Хуже всего было то, что за Морны, поддерживавшим мальчика все эти дни, приехали товарищи. Они как-то сумели уладить дело о дуэли, так что офицеру не пришлось предстать перед судом. Уезжая, он оставил тюремщикам деньги, чтобы Друд смог заказывать себе еду. Это была очень ценная помощь, потому что, если у узников не было денег, и они не получали помощи от родных, им оставалось только выпрашивать еду у более удачливых соседей или отнимать у более слабых.
Отсутствие своего покровителя Друд почувствовал уже через час после выхода офицера из тюрьмы: Свернишейка и Нехлебайка вытащили из-под него хороший тюфяк.

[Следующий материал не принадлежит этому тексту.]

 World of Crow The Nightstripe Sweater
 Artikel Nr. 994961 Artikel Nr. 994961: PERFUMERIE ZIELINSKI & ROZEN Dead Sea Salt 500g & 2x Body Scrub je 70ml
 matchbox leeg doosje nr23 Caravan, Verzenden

Мальчика вызвали в суд на десятый, последний день сессии. До здания суда он кое-как доплёлся, благо оно находилось через дорогу. Там Друду пришлось высидеть в душном помещении, до отказа набитом зрителями, несколько часов, так как перед ним рассматривали дела двух грабителей и племянника, отравившего дядюшку из-за наследства. Всех их приговорили к смертной казни. Судья Мэлдон разбирал дела блестяще. Это был цветущий человек лет сорока пяти с неопровержимой логикой суждений и своеобразным юмором, который его клиенты, впрочем, не могли оценить. Сидящую в зале публику так увлекала процедура допроса и ловкость, с какой судья подмечал несуразности в ответах обвиняемых, сталкивал их лоб в лоб, заставляя проговариваться, что не смотря на давку, жару и спёртый воздух, никто и не думал выходить.

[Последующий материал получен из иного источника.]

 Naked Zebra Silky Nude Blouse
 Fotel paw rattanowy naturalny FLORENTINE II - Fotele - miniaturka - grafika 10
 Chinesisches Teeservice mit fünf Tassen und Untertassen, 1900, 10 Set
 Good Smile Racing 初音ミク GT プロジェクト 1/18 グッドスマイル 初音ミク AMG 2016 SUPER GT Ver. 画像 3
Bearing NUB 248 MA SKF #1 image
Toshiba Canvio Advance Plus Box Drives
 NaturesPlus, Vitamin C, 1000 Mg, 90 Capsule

Друду очень хотелось пить. Его мучил жар. Сердце, как бешеное, колотилось о рёбра. В глазах темнело. Струйки пота текли по шее и лицу. Каждый вопрос, задаваемый обвиняемым, бросал его в дрожь. Когда приговор племяннику, чьё дело рассматривалось последним перед делом Друда, был оглашён, судья повернул лицо к мальчику и потребовал встать и назвать себя. Друд побледнел, как полотно, встал и рухнул в обморок.

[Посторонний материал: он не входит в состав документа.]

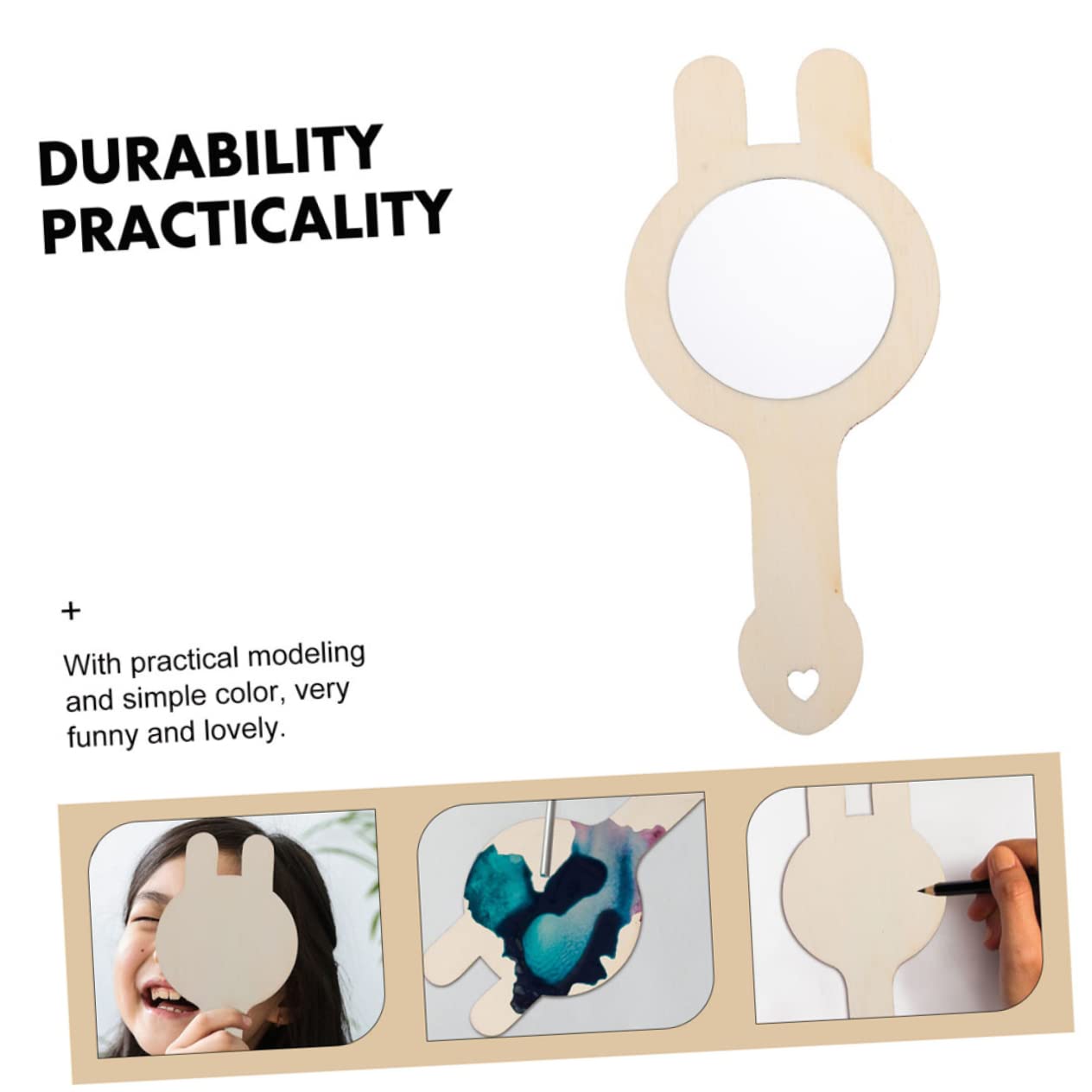 Зеркало Angoily Маленькое Белое Дерево Ребёнок, фото №3 Зеркало Angoily Маленькое Белое Дерево Ребёнок, фото №3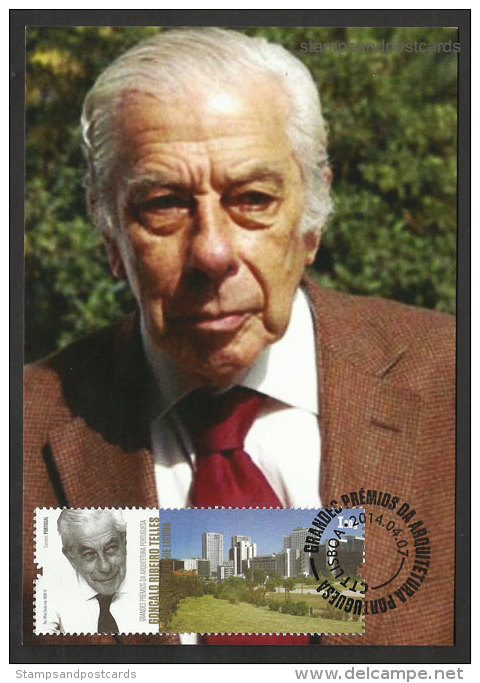 Portugal Grand Prix Architecture Portugaise Ribeiro Telles Carte Maximum 2014 Contemporary Architecture Maxicard 2014 - Maximum Cards & Covers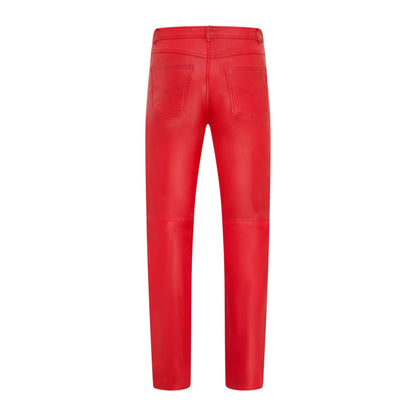 Mens Lamb Leather 501 Biker Jeans - Istanbul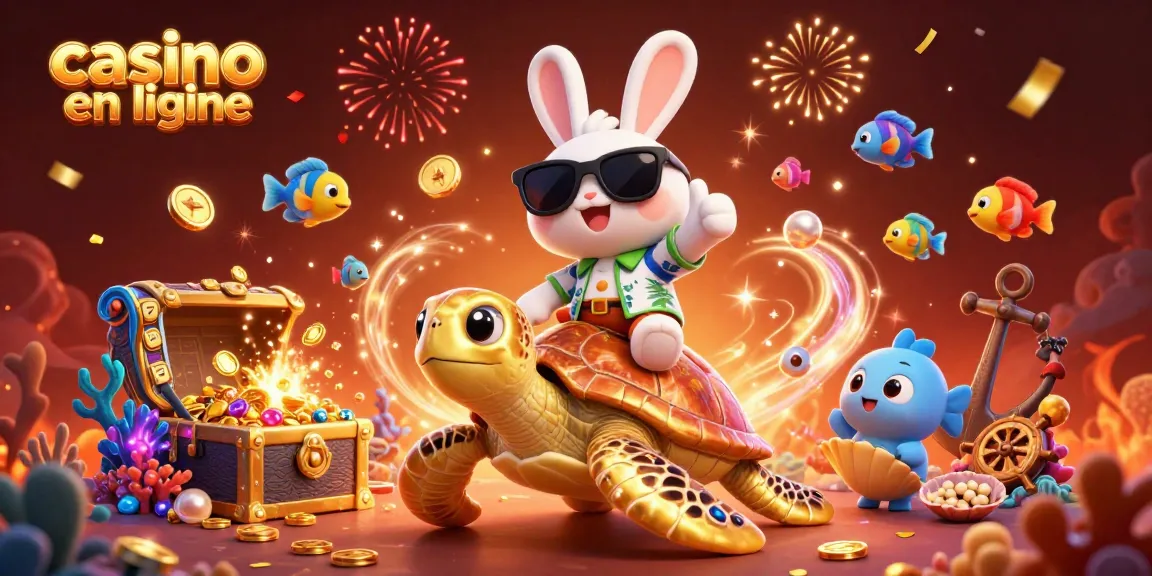 Casino en ligne : joue aux machines à sous avec nos adorables personnages 3D sous l'eau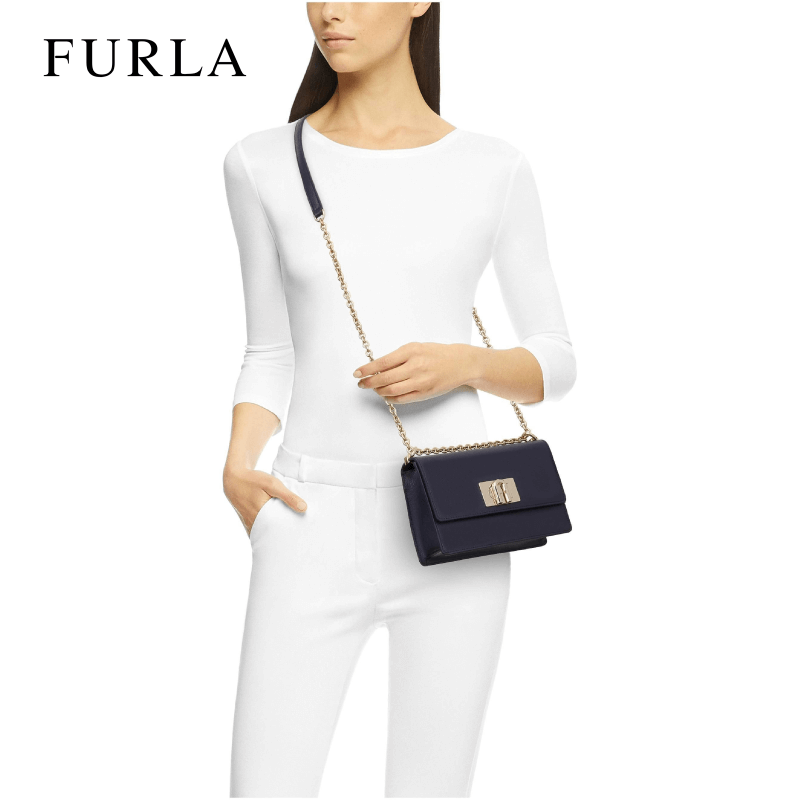 Furla Furla 1927 Mini Crossbody Leather Bag - Occeano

Придя в себя уже в камере, он узнал, что дело его отложено до следующей сессии, которая начнётся через полгода. Всё это время ему предстояло провести в тюрьме.
После окончания сессии порядки в тюрьме смягчились. Оставшихся пятнадцать узников стали выпускать в зарешеченное помещение перед камерой, к которому приходили на них посмотреть за умеренную плату любопытные и зеваки. Иногда охранник выводил нескольких заключённых, скованных одной цепью, в город. Он водил их по улицам, чтобы узники просили милостыню себе на пропитание. Лучше всех подавали Свернишейке и Нехлебайке. Мошенники с надрывом рассказывали о своём трудном детстве и призывали не следовать их дурному примеру. Слушатели рыдали, а сердобольные старушки и женщины наполняли карманы двух друзей пирогами, хлебом и сыром. Серебряную и медную мелочь отдавали охраннику. Некоторые, уверовав в искренность Свернишейки и Нехлебайки, попавших в тюрьму за разбой, дарили им душеспасительные книги о религии. В камере эти трактаты шли для завёртывания в их страницы табака, так как у друзей не было трубок для курения.